Despite the diversion of nearly $300 million from two energy funds, Board of Public Utilities President Lee Solomon told lawmakers today the agency will fully finance all of its pending clean energy projects.
Solomon, called before the Assembly Telecommunications and Utilities Committee to defend the diversion of funds by the Christie administration, argued there is still enough money in one of the funds to fully meet all of the state's clean energy obligations. He added that federal stimulus money might be able to fund plans to build clean-running power plants.
In trying to close an estimated $2 billion deficit in the current state budget, Gov. Chris Christie proposed last month tapping $158 million out of the state’s clean energy fund and diverting another $128 million out of the Retail Margin Fund.

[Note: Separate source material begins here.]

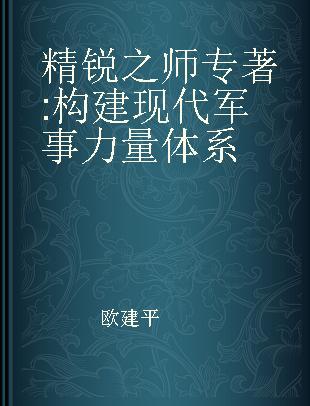 精锐之师 构建现代军事力量体系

The moves sparked criticism from lawmakers and environmentalists who say it will siphon money away from projects that could create jobs and stimulate a green economy.
In reviewing the clean energy program, Solomon, said staff assured him there is still enough money in the fund to "satisfy each and every obligation that is out there or is planned." The fund, created by lawmakers when the state deregulated the energy industry a decade ago, raises about $20 million every month from gas and electric customers from a surcharge on their bills.

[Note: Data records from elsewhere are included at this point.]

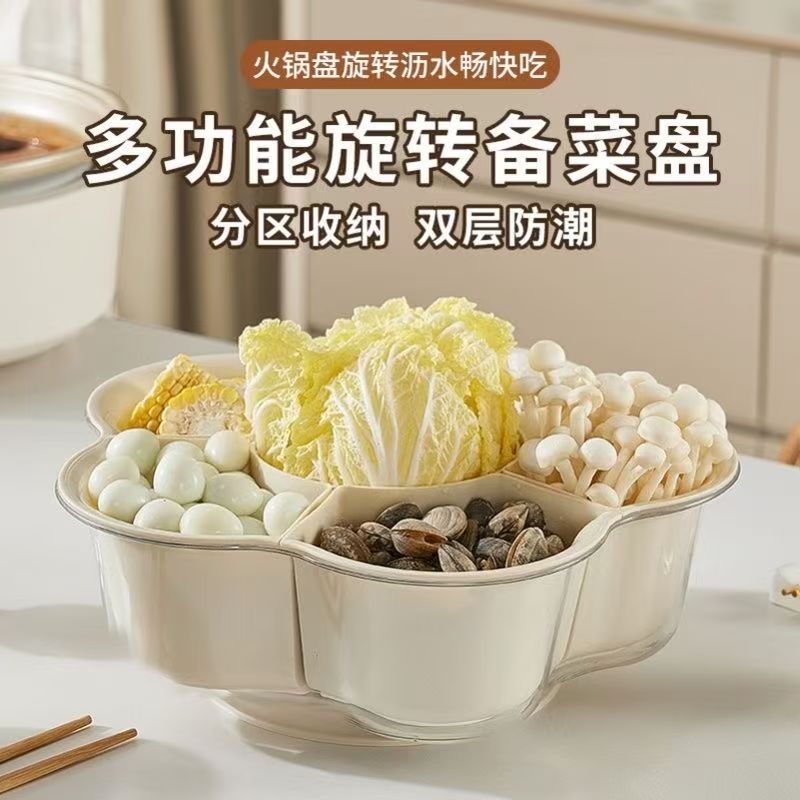 轻奢火锅备菜盘新款双层可旋转配菜盘家用蔬菜水果沥水分格菜盘子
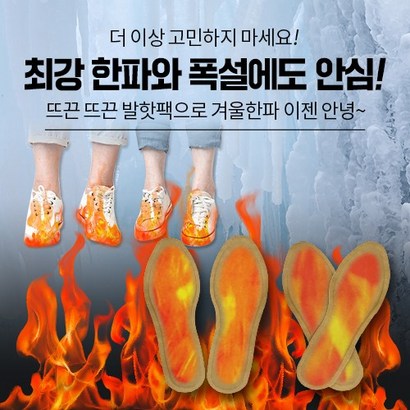 디카운티 깔창형 발난로 발 핫 붙이는타입 여성용 남성용 발바닥 깔창 발핫 발에 붙이는핫 리뷰후기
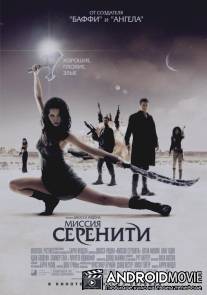 Миссия "Серенити" / Serenity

The clean energy fund helps finance energy conservation projects and renewable energy projects, particularly installing solar energy units on homes and businesses. It is critical to New Jersey's policy goals of reducing energy consumption in the state by 20 percent by 2020 and having cleaner sources of power, such as solar and wind projects, account for 30 percent of the electricity used by customers in 2020.

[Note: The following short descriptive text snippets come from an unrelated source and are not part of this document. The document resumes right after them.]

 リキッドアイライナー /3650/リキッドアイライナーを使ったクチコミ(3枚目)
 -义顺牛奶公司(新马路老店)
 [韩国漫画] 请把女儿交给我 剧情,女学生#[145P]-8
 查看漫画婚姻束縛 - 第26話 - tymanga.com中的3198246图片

As for the Retail Margin Fund, Solomon said the state might be able to tap into $73 million in unused federal stimulus money to help finance the construction of 22 cogeneration plants, which produce both steam and electricity simultaneously. Last year, the legislature approved a bill appropriating $60 million from the fund to help build these plants, financed by a surcharge on businesses that do not shop around for new electricity suppliers.
The state has reviewed and found 22 applications to build such power plants worthy of state assistance, Solomon said. The projects would require about $48 million in assistance to move forward, he said.
Assemblyman Upendra Chivukula, the Democratic chairman of the committee, was not satisfied by the explanation, calling the diversion of funds "disheartening. It is going to impact a lot of businesses and it is going to impact a lot of jobs," he said.
Environmentalists agreed. "When you take money away from these funds, it is going to affect a lot of jobs in New Jersey," said Jeff Tittel, a lobbyist for the Sierra Club of New Jersey. "It is really a new kind of tax."
Sara Bluhm, a lobbyist for the New Jersey Business and Industry Association, told the committee it should look at both of the two funds in question and determine whether they need to raise as much money as they currently do in light of the state’s fiscal problems and high costs of utility bills in New Jersey.